Wouldn't trade my Alum. cart for anything (Fish-n-Mate® jr.)
$150.00 Try and buy these large low pressure tires and wheels in lowes, but maybe you never go off the pier.  My 5 cents


----------



## Sandcrab (Mar 20, 2002)

oldsalt said:


> *Wouldn't trade my Alum. cart for anything (Fish-n-Mate® jr.)
> $150.00 Try and buy these large low pressure tires and wheels in lowes, but maybe you never go off the pier.  My 5 cents *


Me too! I have the Fish-n-Mate Sr and it is worth every penny! Ask Hat about the time fishing at PLO when his cart broke down on the way out. We picked up his entire cart (with all his stuff on it) and put in on top of my cart (with all my stuff - 6 rods, 2 coolers, tackle box, chair, rain gear, etc.) and lugged it down the pier....All with one hand and without breaking a sweat!


----------



## Digger (Jan 4, 2000)

Everyone will have different idea's as to what is a rip off. Since alot of tackle is regional many chain stores will have improper tackle for a local area(this I think is a rip off combined with national advertising which is not localized making it misleading). This is a bigger problem with saltwater than freshwater(still a problem though).
As far as those carts, I think they are great since they hold alot and work well on piers and sand; with the plus of surviving the saltwater. I want one of them this year and a new Heaver. I need some overtime.


----------



## Drumdum (Jan 6, 2003)

*Rainshadow 1509*

One of the best sticks made,raffling one off for "a most excellent cause"(keeping OBX beaches open through OBPA),if you are interested,Digger..  

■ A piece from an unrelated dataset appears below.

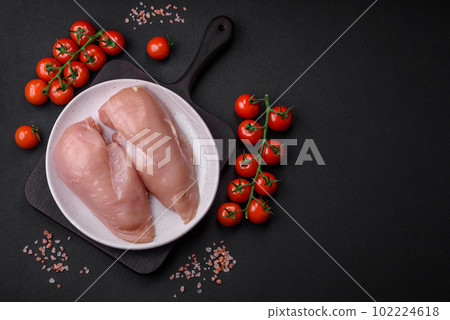 Pieces of raw chicken or turkey fillet with salt, spices and herbs 102224618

$5 a pop for a chance at a rod like that with a sl 30,is no ripoff,flouro carbon is though......


----------



## Digger (Jan 4, 2000)

I can probably scrap together some money for the tickets.


----------



## joeturse (Apr 26, 2003)

Don't know if you can consider this a ripoff, as I really like to fish IBSP,but $195.oo for a buggy permit. 
A $70.00 dollar increase.

Joe


----------



## Drumdum (Jan 6, 2003)

joeturse said:


> *Don't know if you can consider this a ripoff, as I really like to fish IBSP,but $195.oo for a buggy permit.
> A $70.00 dollar increase.
> 
> Joe *


 We would gladly pay a fee here in OBX,as long as they gauranteed us they weren't going to "chisle off" anymore of our beach..  That's why we are all behind the OBPA so much down here.. 

Digger,check out NC board for details..


----------